= Desmond Hoebig =

Canadian cellist

Desmond Hoebig is a Canadian cellist with a career as a soloist, orchestral and chamber musician. Hoebig has held the chair of Principal Cellist in the Cleveland Orchestra, Houston Symphony Orchestra, and Cincinnati Symphony Orchestra. Hoebig is currently Professor of Cello at The Shepherd School of Music at Rice University, in Houston, Texas, US. He is also on the faculty of The Glenn Gould School at The Royal Conservatory of Music in Toronto. From 1989 to 1991 he was an associate professor at the University of Toronto in Canada.
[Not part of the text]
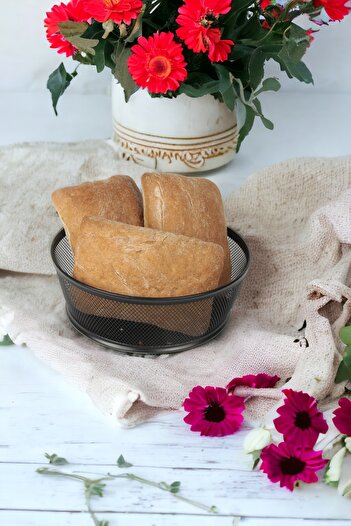 EVSTYLE FRUIT & BREAKET 19 CM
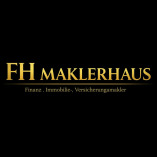 FH Maklerhaus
Hoebig was born in 1961 in Vancouver, British Columbia, Canada. He studied with James Hunter, Jack Mendelsohn and Ian Hampton. In 1979, Hoebig, his sister, violinist Gwen Hoebig, and pianist David Moroz, formed the Hoebig-Moroz Trio. The trio won first prize in the 1983 CBC Radio Talent Competition. The trio has toured in Canada, the USA, and England.
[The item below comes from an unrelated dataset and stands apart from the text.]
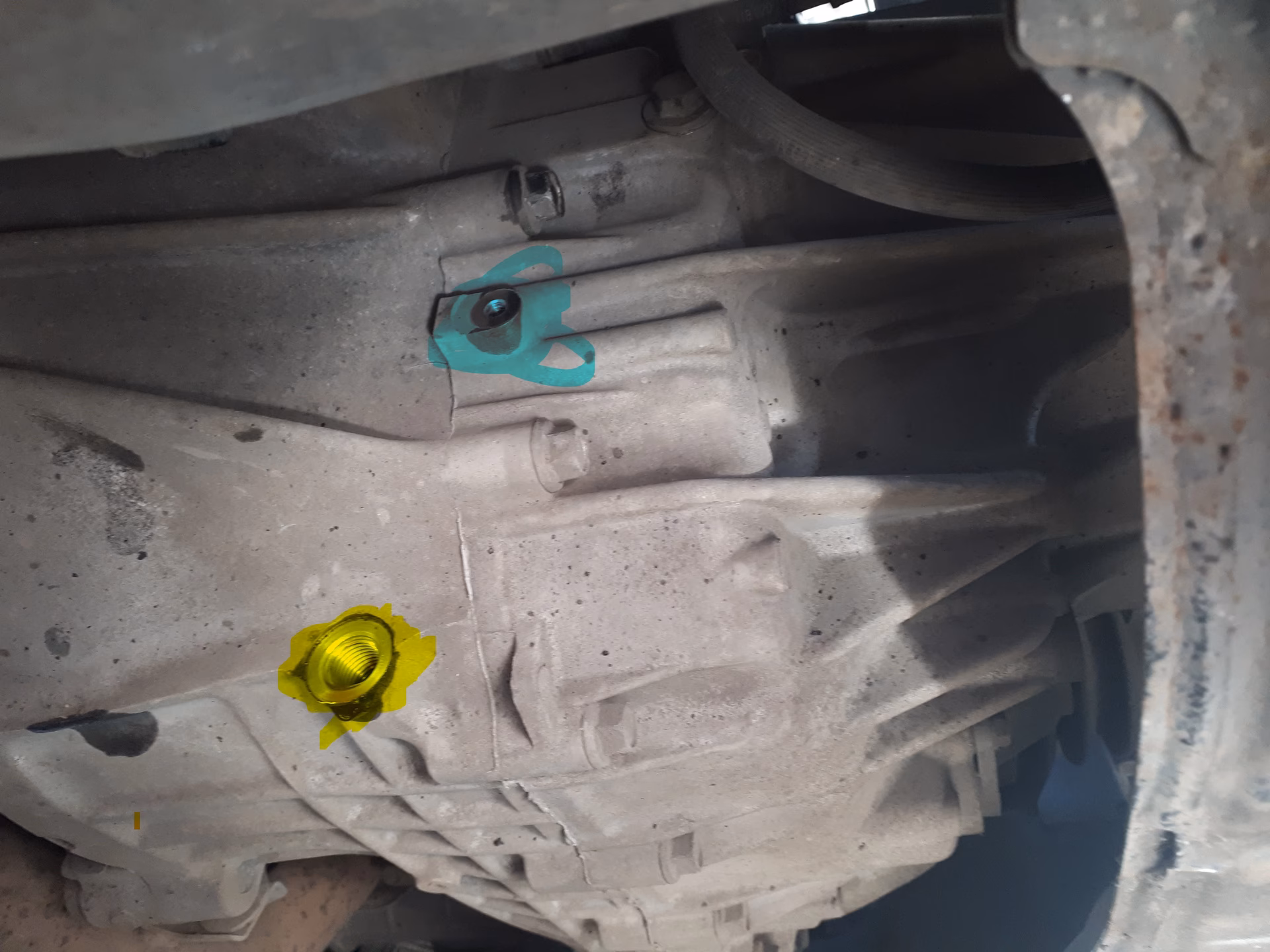 Does my Honda Civic need regular maintenance?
Hoebig studied with David Soyer at the Curtis Institute of Music in Philadelphia. He received his BM and MM at the Juilliard School with Leonard Rose and Channing Robbins, and participated in master classes with Janos Starker and Tsuyoshi Tsutsumi at the Banff Centre.

Hoebig won the First Prize at the Munich International Competition (1984), the Grand Prize of the CBC Talent Competition (1981) and the Canadian Music Competition (1980). He was also an award winner at the Tchaikovsky Competition in Moscow (1982).

As a chamber musician, Hoebig was the cellist with the Orford String Quartet of Canada when they won a Juno award for the best classical music album in 1990. He has also performed for 30 years with the Hoebig-Moroz Trio and a duo with Andrew Tunis. Hoebig has taught and performed at festivals throughout North America, including; Banff, La Jolla, Marlboro, Music Bridge, Orcas Island, Sarasota and Steamboat Springs.

==Discography==
Hoebig has recorded as a soloist with orchestras and in ensembles. He is featured on at least eight CDs, including Quartet For The End Of Time by Olivier Messiaen, as a member of the Houston Symphony Chamber Players.